-- SOURCE DATA follows --

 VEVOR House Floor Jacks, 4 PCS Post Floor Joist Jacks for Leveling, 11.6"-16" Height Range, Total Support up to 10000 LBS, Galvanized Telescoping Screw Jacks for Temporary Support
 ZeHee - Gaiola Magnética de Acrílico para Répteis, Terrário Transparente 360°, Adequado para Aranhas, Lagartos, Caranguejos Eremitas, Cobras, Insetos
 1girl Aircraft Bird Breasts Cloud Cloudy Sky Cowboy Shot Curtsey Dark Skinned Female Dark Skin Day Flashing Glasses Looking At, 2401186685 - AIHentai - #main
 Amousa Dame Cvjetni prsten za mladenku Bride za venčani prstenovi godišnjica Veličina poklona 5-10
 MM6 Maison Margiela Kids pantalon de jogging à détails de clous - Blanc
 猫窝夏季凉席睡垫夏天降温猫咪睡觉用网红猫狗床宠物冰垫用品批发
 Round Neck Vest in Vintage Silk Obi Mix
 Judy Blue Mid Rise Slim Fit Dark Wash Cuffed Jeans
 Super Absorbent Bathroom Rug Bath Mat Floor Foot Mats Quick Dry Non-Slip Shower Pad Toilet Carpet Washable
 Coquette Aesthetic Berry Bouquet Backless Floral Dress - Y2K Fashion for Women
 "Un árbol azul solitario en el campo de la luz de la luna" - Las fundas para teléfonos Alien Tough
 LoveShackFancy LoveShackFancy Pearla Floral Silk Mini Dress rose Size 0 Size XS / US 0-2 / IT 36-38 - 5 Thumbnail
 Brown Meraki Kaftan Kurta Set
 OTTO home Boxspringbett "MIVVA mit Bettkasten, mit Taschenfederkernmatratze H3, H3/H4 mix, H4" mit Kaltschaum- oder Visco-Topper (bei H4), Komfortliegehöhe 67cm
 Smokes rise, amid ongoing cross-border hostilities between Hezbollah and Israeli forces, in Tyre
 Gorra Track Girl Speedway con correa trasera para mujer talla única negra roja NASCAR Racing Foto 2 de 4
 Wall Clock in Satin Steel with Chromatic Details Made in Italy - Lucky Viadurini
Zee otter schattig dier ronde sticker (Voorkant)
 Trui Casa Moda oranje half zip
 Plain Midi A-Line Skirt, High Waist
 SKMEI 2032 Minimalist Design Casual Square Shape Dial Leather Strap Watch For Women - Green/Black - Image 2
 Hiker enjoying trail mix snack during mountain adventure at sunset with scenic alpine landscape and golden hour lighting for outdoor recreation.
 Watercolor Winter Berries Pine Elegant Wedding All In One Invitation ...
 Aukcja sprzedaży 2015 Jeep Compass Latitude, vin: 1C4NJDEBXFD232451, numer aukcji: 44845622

-- SOURCE DATA concluded --

From the first line of the entries above to the line with "SKMEI 2032 Minimalist", please return every line exactly, keeping both ends.

◆ RESPONSE TO THIS EXERCISE:
 VEVOR House Floor Jacks, 4 PCS Post Floor Joist Jacks for Leveling, 11.6"-16" Height Range, Total Support up to 10000 LBS, Galvanized Telescoping Screw Jacks for Temporary Support
 ZeHee - Gaiola Magnética de Acrílico para Répteis, Terrário Transparente 360°, Adequado para Aranhas, Lagartos, Caranguejos Eremitas, Cobras, Insetos
 1girl Aircraft Bird Breasts Cloud Cloudy Sky Cowboy Shot Curtsey Dark Skinned Female Dark Skin Day Flashing Glasses Looking At, 2401186685 - AIHentai - #main
 Amousa Dame Cvjetni prsten za mladenku Bride za venčani prstenovi godišnjica Veličina poklona 5-10
 MM6 Maison Margiela Kids pantalon de jogging à détails de clous - Blanc
 猫窝夏季凉席睡垫夏天降温猫咪睡觉用网红猫狗床宠物冰垫用品批发
 Round Neck Vest in Vintage Silk Obi Mix
 Judy Blue Mid Rise Slim Fit Dark Wash Cuffed Jeans
 Super Absorbent Bathroom Rug Bath Mat Floor Foot Mats Quick Dry Non-Slip Shower Pad Toilet Carpet Washable
 Coquette Aesthetic Berry Bouquet Backless Floral Dress - Y2K Fashion for Women
 "Un árbol azul solitario en el campo de la luz de la luna" - Las fundas para teléfonos Alien Tough
 LoveShackFancy LoveShackFancy Pearla Floral Silk Mini Dress rose Size 0 Size XS / US 0-2 / IT 36-38 - 5 Thumbnail
 Brown Meraki Kaftan Kurta Set
 OTTO home Boxspringbett "MIVVA mit Bettkasten, mit Taschenfederkernmatratze H3, H3/H4 mix, H4" mit Kaltschaum- oder Visco-Topper (bei H4), Komfortliegehöhe 67cm
 Smokes rise, amid ongoing cross-border hostilities between Hezbollah and Israeli forces, in Tyre
 Gorra Track Girl Speedway con correa trasera para mujer talla única negra roja NASCAR Racing Foto 2 de 4
 Wall Clock in Satin Steel with Chromatic Details Made in Italy - Lucky Viadurini
Zee otter schattig dier ronde sticker (Voorkant)
 Trui Casa Moda oranje half zip
 Plain Midi A-Line Skirt, High Waist
 SKMEI 2032 Minimalist Design Casual Square Shape Dial Leather Strap Watch For Women - Green/Black - Image 2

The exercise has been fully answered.